It was all completely annihilated.

After that, between the loss of reserve currency status, loss of Empire and World War II, the culture turned into an economic wasteland with predictable effects on its food.

It took another 60 years to recover.

So the CC is going to argue quite forcefully that people who deride British food are looking at it through myopic eyes. Was it awful for about a century? Emphatically yes, but that's for non-reproducible reasons in what is but a twinkling of an eye in world history which happens to be the same as food history.

So you are going to have to dial back the clock and not just look at a modern-day recipe but what exactly were its antecedents.
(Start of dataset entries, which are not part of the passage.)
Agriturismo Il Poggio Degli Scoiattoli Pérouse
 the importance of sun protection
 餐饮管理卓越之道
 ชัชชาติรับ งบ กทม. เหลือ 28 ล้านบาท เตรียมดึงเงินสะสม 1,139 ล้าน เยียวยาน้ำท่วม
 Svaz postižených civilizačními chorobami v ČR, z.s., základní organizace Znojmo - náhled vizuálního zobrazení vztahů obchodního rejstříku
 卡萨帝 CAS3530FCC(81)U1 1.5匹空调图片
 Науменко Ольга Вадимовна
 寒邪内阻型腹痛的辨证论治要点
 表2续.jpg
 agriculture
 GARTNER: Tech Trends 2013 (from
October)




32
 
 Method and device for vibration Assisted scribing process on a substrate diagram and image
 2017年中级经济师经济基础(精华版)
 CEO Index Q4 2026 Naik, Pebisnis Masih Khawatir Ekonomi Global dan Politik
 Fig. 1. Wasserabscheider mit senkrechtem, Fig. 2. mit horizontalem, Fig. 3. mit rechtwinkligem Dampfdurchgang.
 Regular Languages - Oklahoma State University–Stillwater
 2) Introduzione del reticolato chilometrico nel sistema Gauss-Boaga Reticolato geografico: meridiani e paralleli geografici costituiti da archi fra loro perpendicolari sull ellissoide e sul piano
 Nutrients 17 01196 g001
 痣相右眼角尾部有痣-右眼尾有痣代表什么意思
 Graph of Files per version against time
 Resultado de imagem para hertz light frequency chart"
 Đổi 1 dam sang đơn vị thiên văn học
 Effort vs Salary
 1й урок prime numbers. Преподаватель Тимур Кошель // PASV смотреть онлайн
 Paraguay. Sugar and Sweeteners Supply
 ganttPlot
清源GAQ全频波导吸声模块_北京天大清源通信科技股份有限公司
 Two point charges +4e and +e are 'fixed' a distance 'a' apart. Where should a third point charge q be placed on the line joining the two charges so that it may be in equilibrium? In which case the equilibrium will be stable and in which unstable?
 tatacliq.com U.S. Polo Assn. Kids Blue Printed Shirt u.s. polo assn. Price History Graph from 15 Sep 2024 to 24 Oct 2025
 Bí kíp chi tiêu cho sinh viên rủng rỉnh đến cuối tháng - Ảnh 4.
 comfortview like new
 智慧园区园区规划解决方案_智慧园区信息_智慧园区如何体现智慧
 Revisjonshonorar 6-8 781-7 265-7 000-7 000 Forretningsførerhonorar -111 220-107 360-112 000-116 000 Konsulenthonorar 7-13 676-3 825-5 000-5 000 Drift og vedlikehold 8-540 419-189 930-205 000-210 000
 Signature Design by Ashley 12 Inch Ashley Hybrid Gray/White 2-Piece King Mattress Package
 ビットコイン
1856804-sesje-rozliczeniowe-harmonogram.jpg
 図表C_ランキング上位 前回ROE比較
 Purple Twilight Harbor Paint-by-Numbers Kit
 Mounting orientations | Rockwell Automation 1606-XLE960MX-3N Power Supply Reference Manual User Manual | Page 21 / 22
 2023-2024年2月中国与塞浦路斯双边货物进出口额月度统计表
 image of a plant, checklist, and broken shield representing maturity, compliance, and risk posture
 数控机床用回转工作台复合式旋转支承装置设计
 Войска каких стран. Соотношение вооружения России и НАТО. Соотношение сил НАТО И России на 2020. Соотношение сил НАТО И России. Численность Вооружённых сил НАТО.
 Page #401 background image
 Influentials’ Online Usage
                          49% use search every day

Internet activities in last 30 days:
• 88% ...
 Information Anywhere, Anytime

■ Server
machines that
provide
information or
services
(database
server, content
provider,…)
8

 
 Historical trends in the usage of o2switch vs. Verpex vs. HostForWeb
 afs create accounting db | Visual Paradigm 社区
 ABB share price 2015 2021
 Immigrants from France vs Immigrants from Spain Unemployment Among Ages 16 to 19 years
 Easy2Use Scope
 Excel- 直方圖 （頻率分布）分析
Once you do, you see the same "fresh herbs" and "fresh ingredients" and "attention to detail" that you see in other places.

What would classical English spicing be? Any herbs that grow in a colder climate. Just remember than the British Isles are nowhere near as cold as Scandinavia because of the warm North Atlantic Drift.

English thyme, parsley, bay leaves, rosemary, rue and mint (which is basically a weed and will grow anywhere). The entire cornucopia of spices imported from India since Roman times (pepper, cinnamon, cloves, etc.) and also from the West Indies (nutmeg, etc.)

The sauces are a little complex and heavy for modern palates but then the same goes for Classical French Cuisine which has fallen out of favor as well. All that can be easily addressed. You can lighten the sauce to make it more amenable to a contemporary audience. It's not even hard.

What's presented below is a classic fish pie.

Note the extensive use of fresh herbs. Note the careful three-part technique upfront before the final baking where each step neatly turns into the next one so that not even the slightest iota of flavor or ingredients are wasted.

How does it work?

In the old days, you would have sourced whole fish, whole prawns, etc. Our modern fillets and cleaned fish waste most of the parts that are used to extract even more flavor into the whole. This is our loss both economic and culinary.

First you use all the "remnants" of the fish (heads, shells, etc.) to make a fish broth (step 1). Then the fillets and the shellfish are poached with milk and fresh herbs (step 2). The fish is separated and the milk is strained and reserved and made into a classic béchamel (step 3) with vegetables and the fish broth and more fresh herbs are added into which the flaked fish will be folded in. Optionally, cheese might be added. (If it is, it's with a light hand. It would be a traditional cheddar which has nothing like the aggressive flavor of a modern-day cheddar. It's very mellow and has insane umami particularly when combined with the fish broth.)

The vegetables would've been "seasonal". People back then were just as bored eating the same-ol'-same-ol' as they might be today. Leeks, carrots, cauliflower, peas, asparagus, spinach, sorrel.

Separately, you make mashed potatoes. The dish is layered with the fish below the potatoes and baked till you get a British gratin. The killer step which so few people bother to do these days is that the mashed potatoes on top must be carefully raked like a Japanese Zen-Garden with the tines of a fork so that when they bake, you get not only a gorgeous presentation but crispy-brown bits thanks to the Maillard Reaction.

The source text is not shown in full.